> _THE RECORDS_:

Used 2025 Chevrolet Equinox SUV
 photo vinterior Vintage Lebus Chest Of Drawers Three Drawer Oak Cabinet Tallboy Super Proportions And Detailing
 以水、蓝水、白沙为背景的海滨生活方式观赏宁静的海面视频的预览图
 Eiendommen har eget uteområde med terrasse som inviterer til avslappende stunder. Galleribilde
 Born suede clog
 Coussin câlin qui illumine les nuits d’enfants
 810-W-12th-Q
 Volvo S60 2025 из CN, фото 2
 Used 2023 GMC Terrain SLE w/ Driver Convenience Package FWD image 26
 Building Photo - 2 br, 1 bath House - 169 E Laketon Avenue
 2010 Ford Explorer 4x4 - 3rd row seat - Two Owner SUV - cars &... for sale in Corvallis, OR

> _PROBLEM DETAILS_: Retype every record without alteration.

> _WRITTEN RESPONSE_:
Used 2025 Chevrolet Equinox SUV
 photo vinterior Vintage Lebus Chest Of Drawers Three Drawer Oak Cabinet Tallboy Super Proportions And Detailing
 以水、蓝水、白沙为背景的海滨生活方式观赏宁静的海面视频的预览图
 Eiendommen har eget uteområde med terrasse som inviterer til avslappende stunder. Galleribilde
 Born suede clog
 Coussin câlin qui illumine les nuits d’enfants
 810-W-12th-Q
 Volvo S60 2025 из CN, фото 2
 Used 2023 GMC Terrain SLE w/ Driver Convenience Package FWD image 26
 Building Photo - 2 br, 1 bath House - 169 E Laketon Avenue
 2010 Ford Explorer 4x4 - 3rd row seat - Two Owner SUV - cars &... for sale in Corvallis, OR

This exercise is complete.